SOURCE MATERIAL:

****************

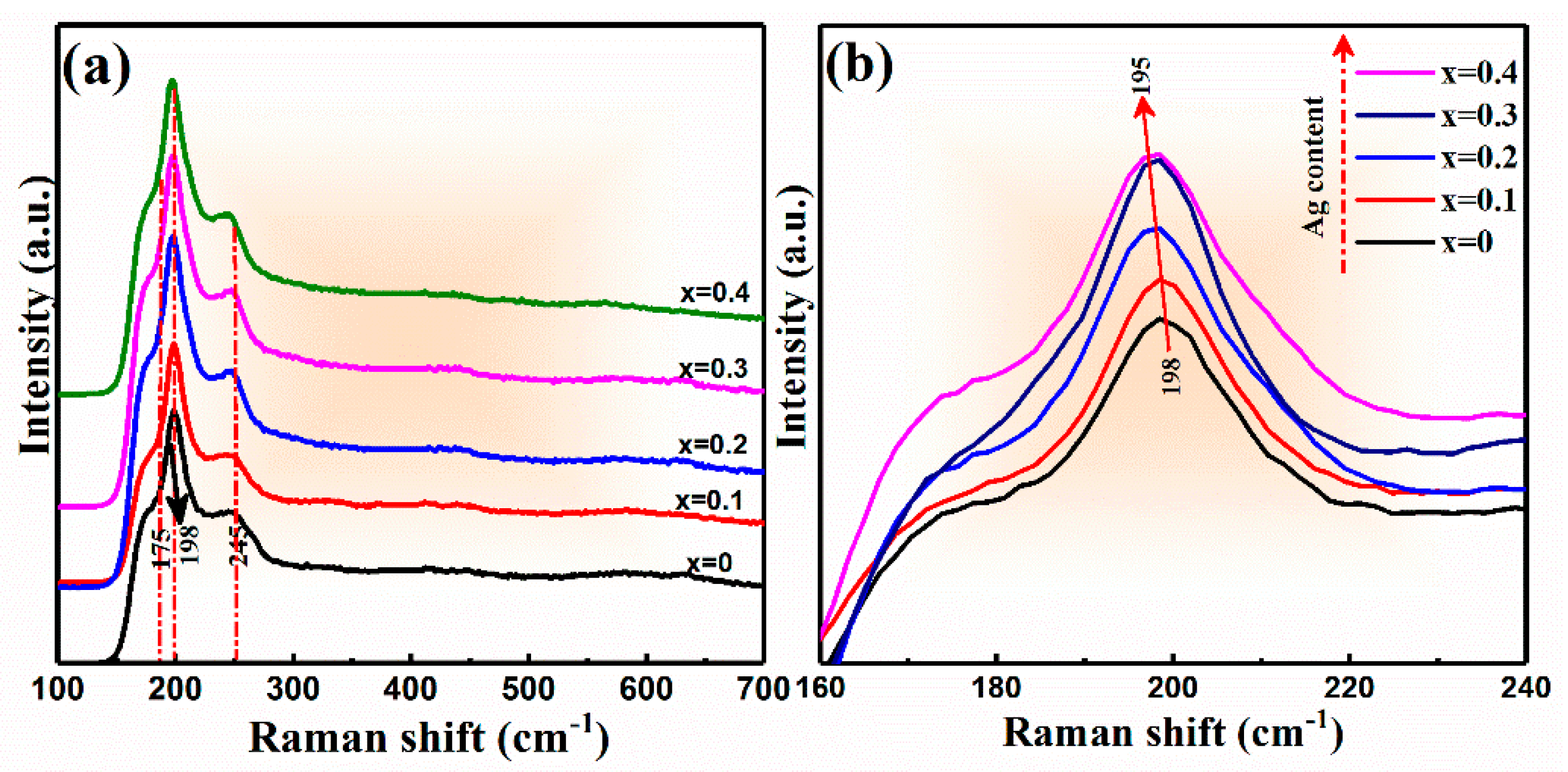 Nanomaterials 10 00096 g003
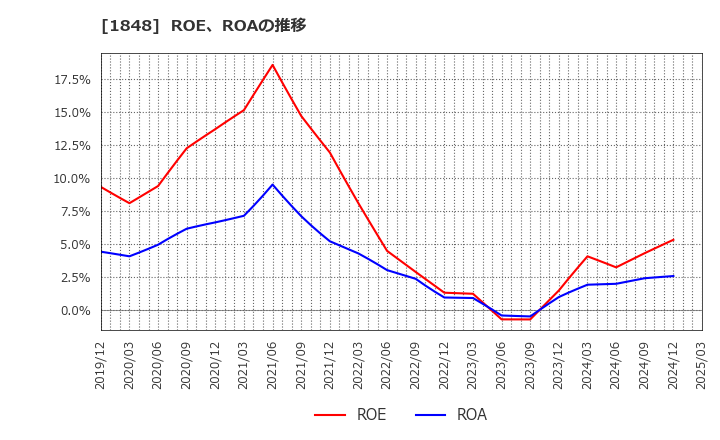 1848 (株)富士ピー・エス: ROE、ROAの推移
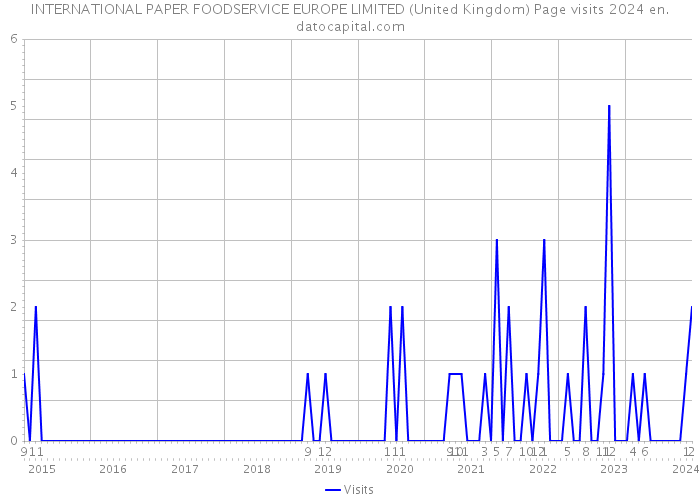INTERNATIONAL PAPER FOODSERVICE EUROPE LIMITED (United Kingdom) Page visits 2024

****************

EXERCISE: Quote the material above exactly, from the line holding "1848 (株)富士ピー・エス: ROE、ROAの推移" through its last line, including both. Omit the pictures.

ANSWER TO THIS PROBLEM:
 1848 (株)富士ピー・エス: ROE、ROAの推移
INTERNATIONAL PAPER FOODSERVICE EUROPE LIMITED (United Kingdom) Page visits 2024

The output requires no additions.